EXTRACTED RECORDS
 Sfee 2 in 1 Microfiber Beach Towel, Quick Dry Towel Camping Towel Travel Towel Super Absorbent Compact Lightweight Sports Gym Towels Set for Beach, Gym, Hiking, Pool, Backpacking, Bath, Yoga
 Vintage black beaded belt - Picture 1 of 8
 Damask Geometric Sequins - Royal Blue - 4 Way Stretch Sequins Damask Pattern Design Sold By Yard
==
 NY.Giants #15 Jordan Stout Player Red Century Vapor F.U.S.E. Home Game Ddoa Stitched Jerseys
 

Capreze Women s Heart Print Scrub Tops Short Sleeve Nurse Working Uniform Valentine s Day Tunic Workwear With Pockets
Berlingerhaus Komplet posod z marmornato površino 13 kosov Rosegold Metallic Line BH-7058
---
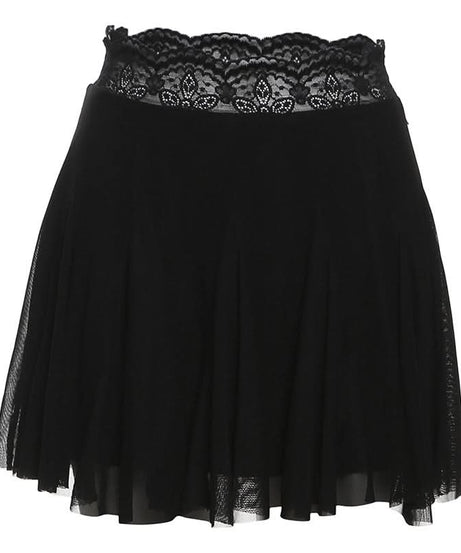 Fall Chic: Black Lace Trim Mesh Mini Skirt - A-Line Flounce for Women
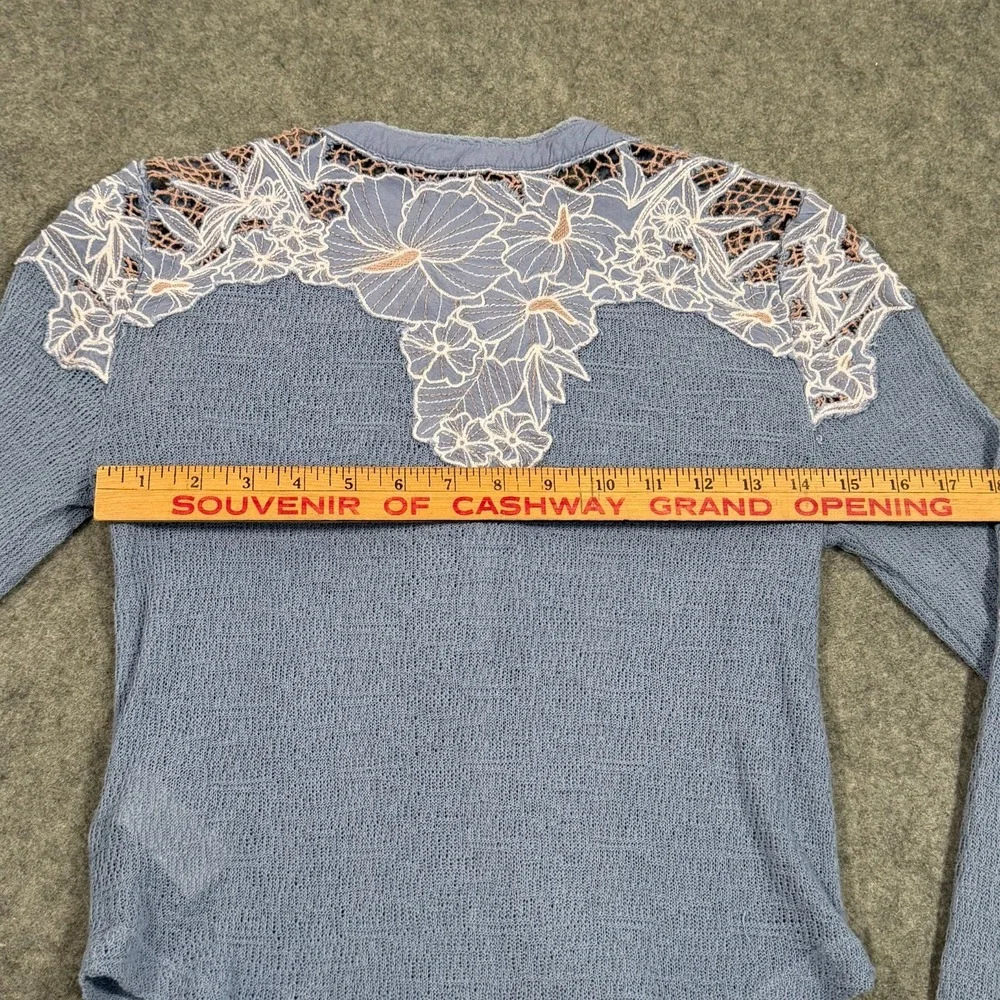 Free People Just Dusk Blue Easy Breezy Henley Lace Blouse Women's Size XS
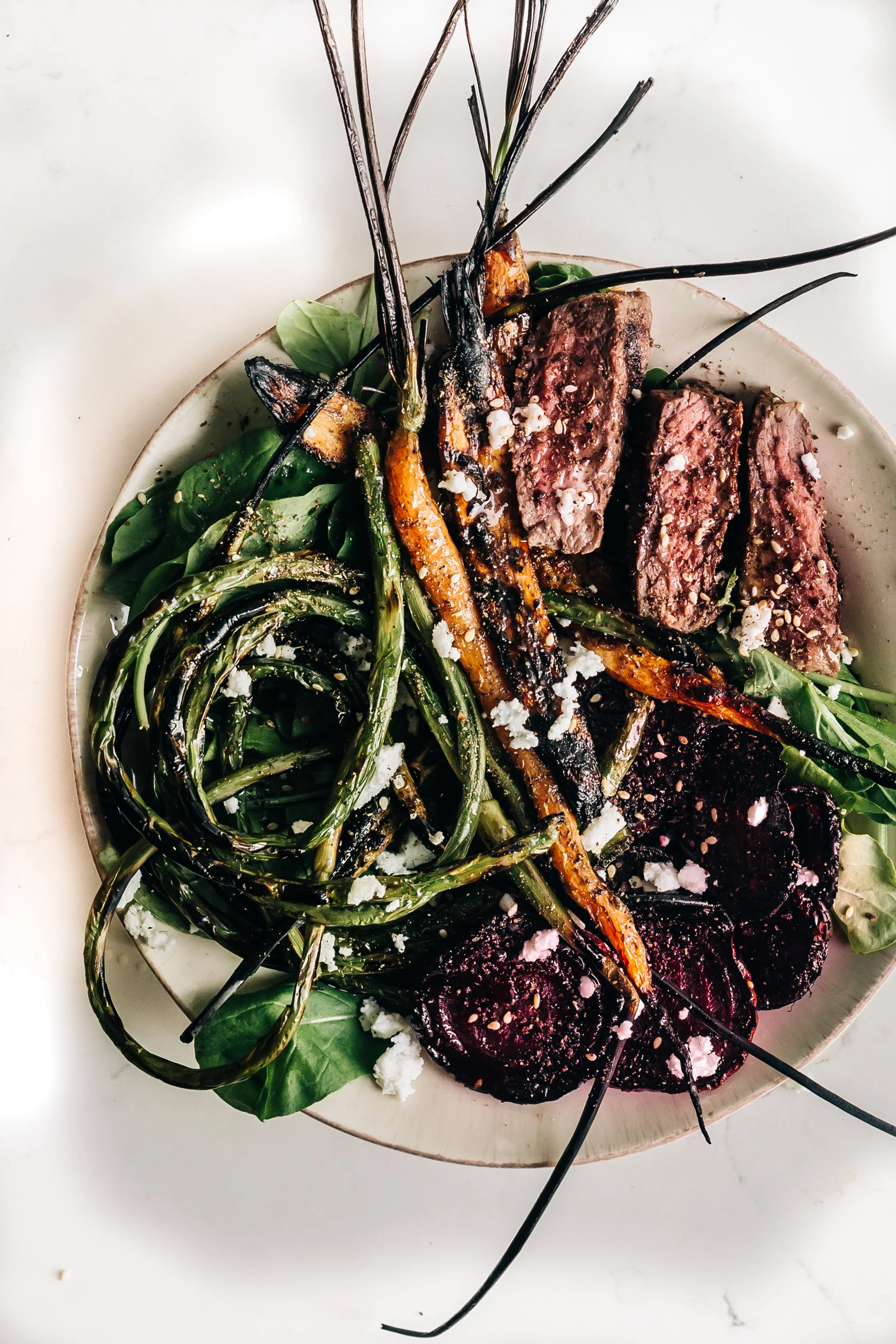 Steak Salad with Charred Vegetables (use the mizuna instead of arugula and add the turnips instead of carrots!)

PROBLEM TO WORK ON
Return the lines above from the one with "Fall Chic: Black" through the one with "Steak Salad with", verbatim and nothing else. Omit every picture.

SOLUTION FOR THIS TASK
 Fall Chic: Black Lace Trim Mesh Mini Skirt - A-Line Flounce for Women
 Free People Just Dusk Blue Easy Breezy Henley Lace Blouse Women's Size XS
 Steak Salad with Charred Vegetables (use the mizuna instead of arugula and add the turnips instead of carrots!)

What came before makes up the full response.